The benefits of accounts are:
- Large space savings: for example, if an account has 5 UTXO, then switching from a UTXO model to an account model would reduce the space requirements from (20 + 32 + 8) * 5 = 300 bytes (20 for the address, 32 for the txid and 8 for the value) to 20 + 8 + 2 = 30 bytes (20 for the address, 8 for the value, 2 for a nonce(see below)). In reality savings are not nearly this massive because accounts need to be stored in a Patricia tree (see below) but they are nevertheless large. Additionally, transactions can be smaller (eg. 100 bytes in Ethereum vs. 200-250 bytes in Bitcoin) because every transaction need only make one reference and one signature and produces one output.
- Greater fungibility: because there is no blockchain-level concept of the source of a specific set of coins, it becomes less practical, both technically and legally, to institute a redlist/blacklisting scheme and to draw a distinction between coins depending on where they come from.
- Simplicity: easier to code and understand, especially once more complex scripts become involved. Although it is possible to shoehorn arbitrary decentralized applications into a UTXO paradigm, essentially by giving scripts the ability to restrict what kinds of UTXO a given UTXO can be spent to, and requiring spends to include Merkle tree proofs of change-of-application-state-root that scripts evaluate, such a paradigm is much more complicated and ugly than just using accounts.

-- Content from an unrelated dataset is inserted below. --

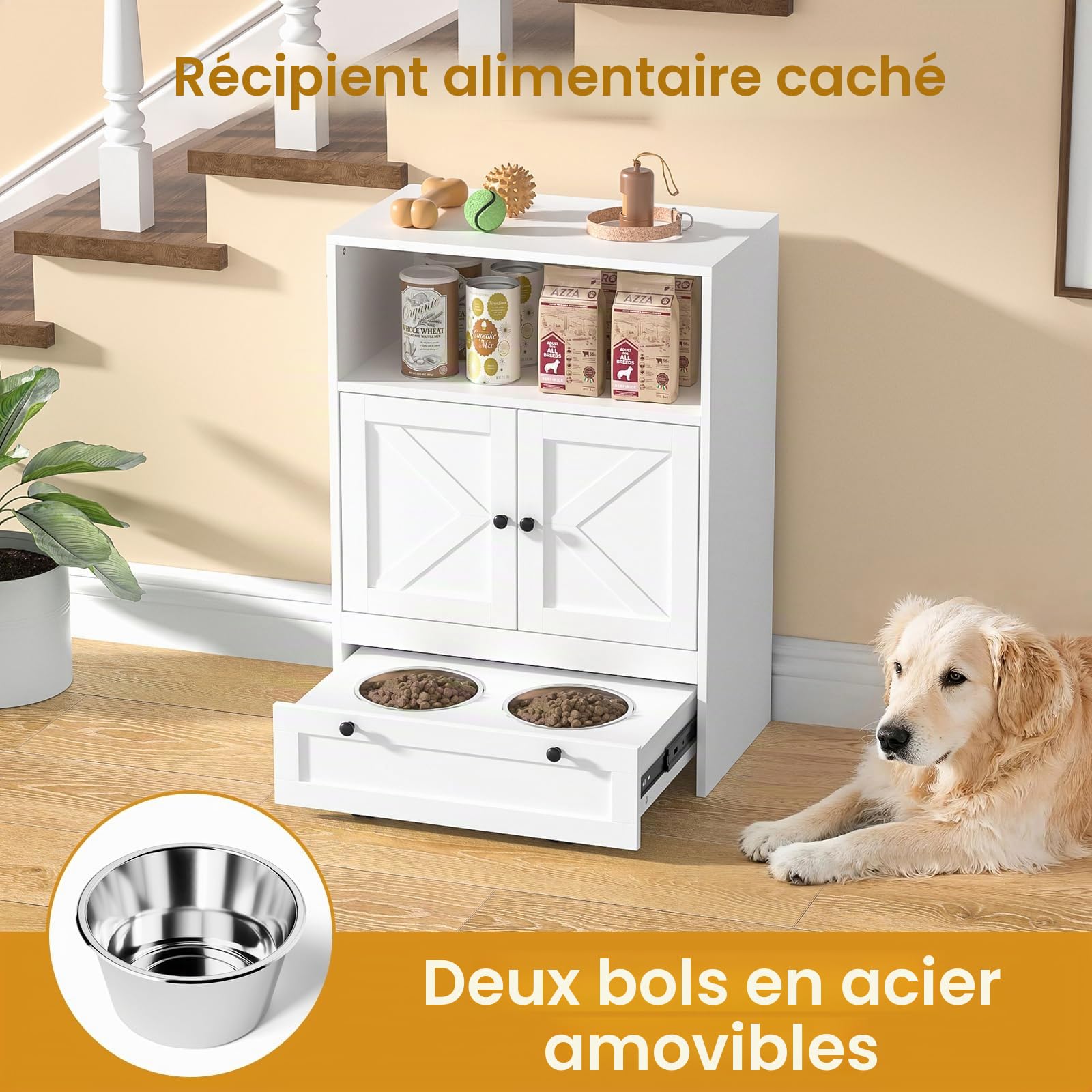 Meuble de Rangement pour Animaux de Compagnie avec 2 Gamelles en Acier Inoxydable, Armoire d’Alimentation 2 en 1 avec Grand Espace et Dispositif Antidumping, 60 x 35 x 82 cm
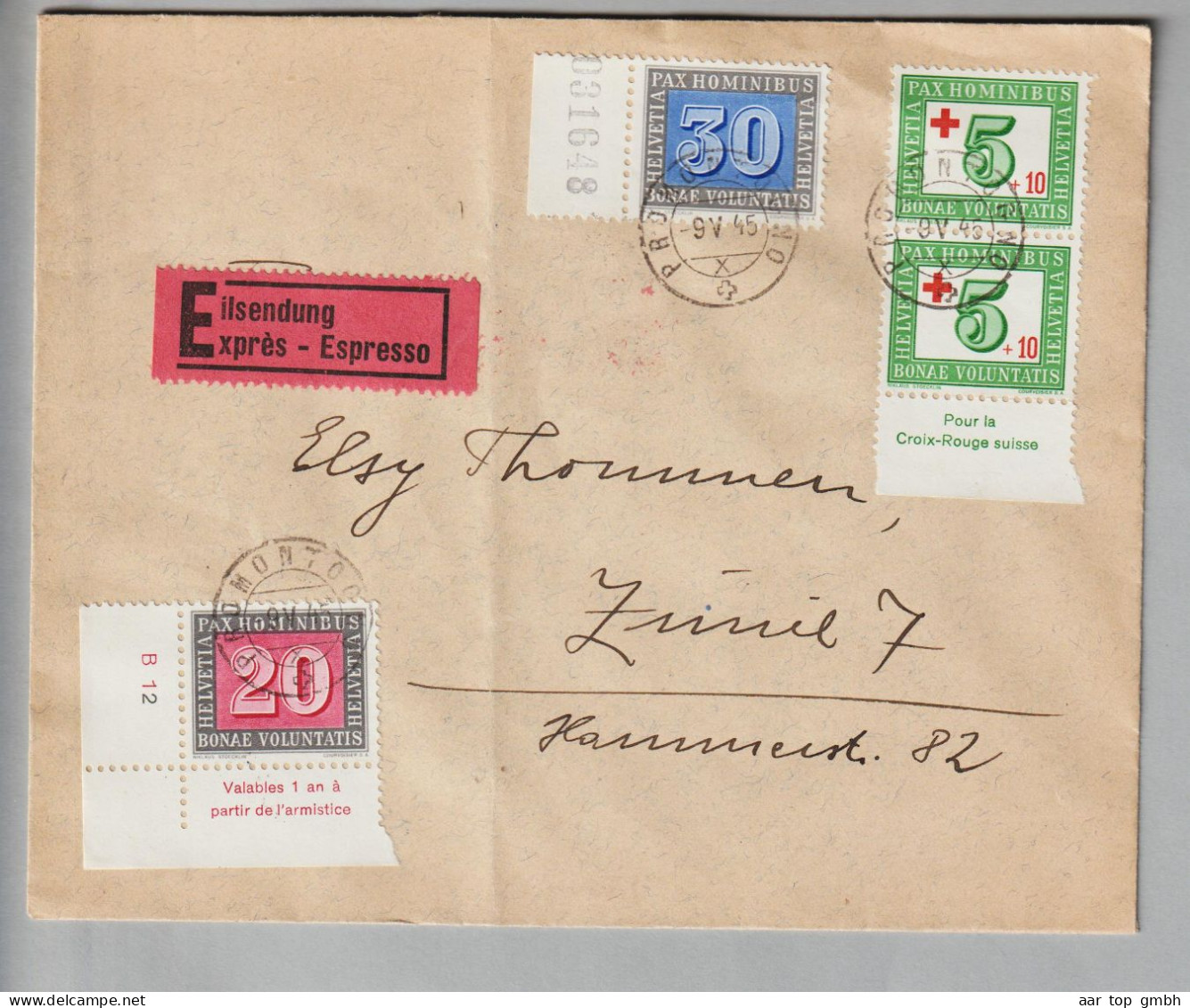 CH Heimat GR Promontogno 1945-05-09 Expressbrief Nach Zürich Mit Paxmarkenfrankatur - Covers & Documents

- Constant light client reference: light clients can at any point access all data related to an account by scanning down the state tree in a specific direction. In a UTXO paradigm, the references change with each transaction, a particularly burdensome problem for long-running dapps that try to use the above mentioned state-root-in-UTXO propagation mechanism.
We have decided that, particularly because we are dealing with dapps containing arbitrary state and code, the benefits of accounts massively outweigh the alternatives. Additionally, in the spirit of the We Have No Features principle, we note that if people really do care about privacy then mixers and coinjoin can be built via signed-data-packet protocols inside of contracts.
One weakness of the account paradigm is that in order to prevent replay attacks, every transaction must have a "nonce", such that the account keeps track of the nonces used and only accepts a transaction if its nonce is 1 after the last nonce used. This means that even no-longer-used accounts can never be pruned from the account state. A simple solution to this problem is to require transactions to contain a block number, making them un-replayable after some period of time, and reset nonces once every period. Miners or other users will need to "ping" unused accounts in order to delete them from the state, as it would be too expensive to do a full sweep as part of the blockchain protocol itself. We did not go with this mechanism only to speed up development for 1.0; 1.1 and beyond will likely use such a system.